No Recife, não faz muito tempo, houve uma mobilização contra a transformação do Hospital da Tamarineira, um bem público, em um shopping center, cuja necessidade é absolutamente supérflua e cuja implantação apenas agravaria os já insuportáveis problemas de circulação da cidade, sem falar de outros males que daí adviriam. Esta luta foi vitoriosa, mas já os interesses imobiliários estão de novo querendo implantar o referido projeto.

Agora a população do Recife acaba de conquistar contra fortes interesses privados a criação do Parque Dona Lindu, em Boa Viagem.

Conquista esta de grande alcance, sob todos os pontos de vista em que for considerada: o da cidadania, o da saúde física e mental de seus habitantes e o do fortalecimento do uso público de áreas que não podem ou não devem ser patrimônio de poucos, mas de todos. Valores dos quais sempre fomos carentes e cuja existência e afirmação são sempre fundamentais.

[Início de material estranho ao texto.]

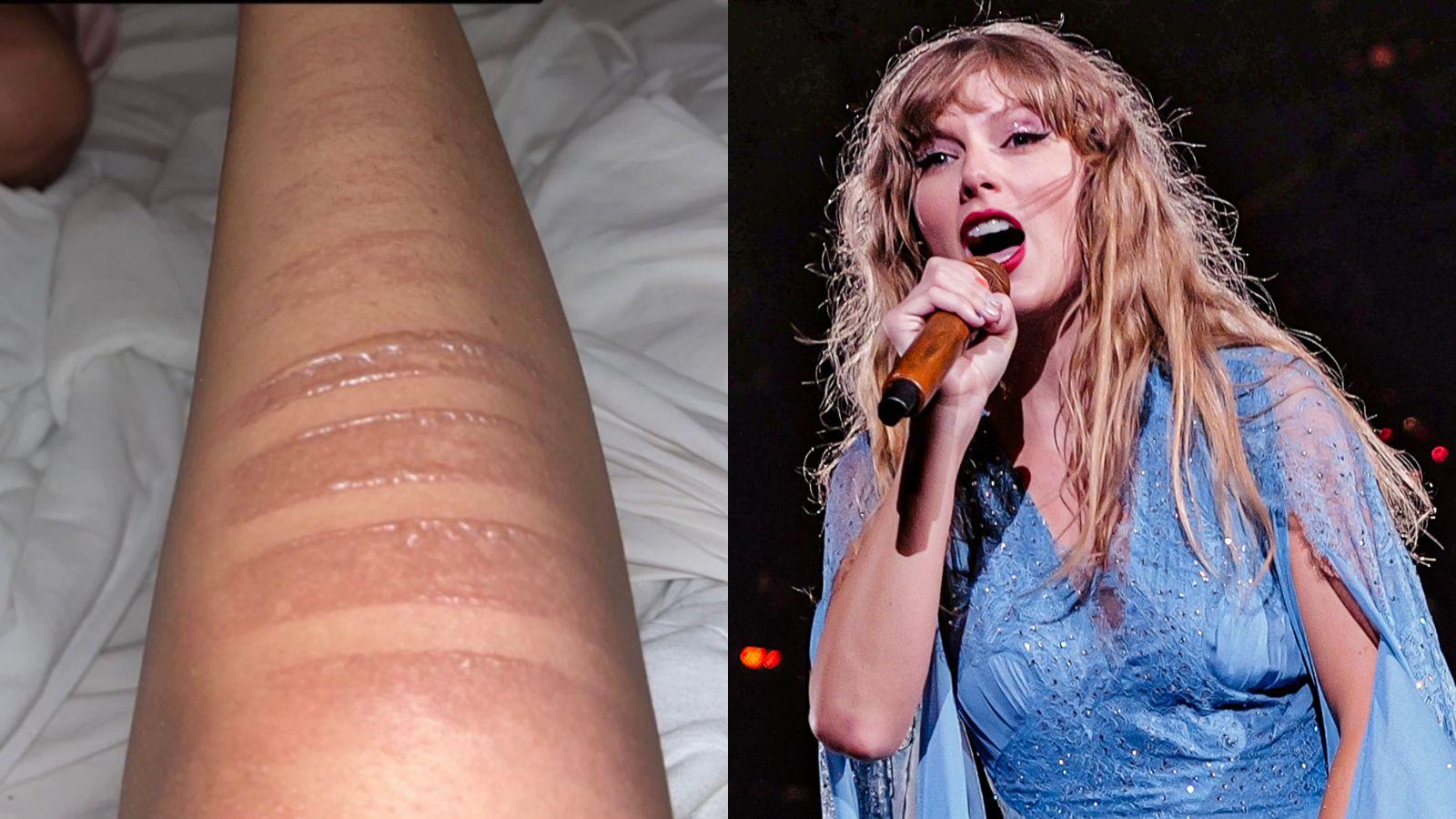 Taylor Swift fan suffered burns during concert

No entanto, o modelo previsto pelo poder público para o Parque Dona Lindu, com a instalação de equipamentos que comprometem parte substancial de sua área sacrificando o espaço verde e agravando, entre outros, os problemas viários do bairro, provocou a justificável e salutar reação da sua população e tem recebido apoio de fora do mesmo. É, ou deve ser elementar, que no caso, não importa o renome e o reconhecimento de quem assinou o projeto, o arquiteto Oscar Niemeyer. Importa a vontade da população. Se, no slogan da Prefeitura da Cidade do Recife a grande obra é cuidar das pessoas, este cuidado exige, antes de tudo, a escuta dos cidadãos e o respeito de suas vontades. Como já estava inscrito na Declaração dos Direitos do Homem e do Cidadão, a soberania reside na Nação e o poder público nada mais é do que o agente desta soberania. Ao mesmo a iniludível obrigação de acatar a vontade geral sob pena de trair o seu mandato, seja qual for o discurso sob o qual se apresente.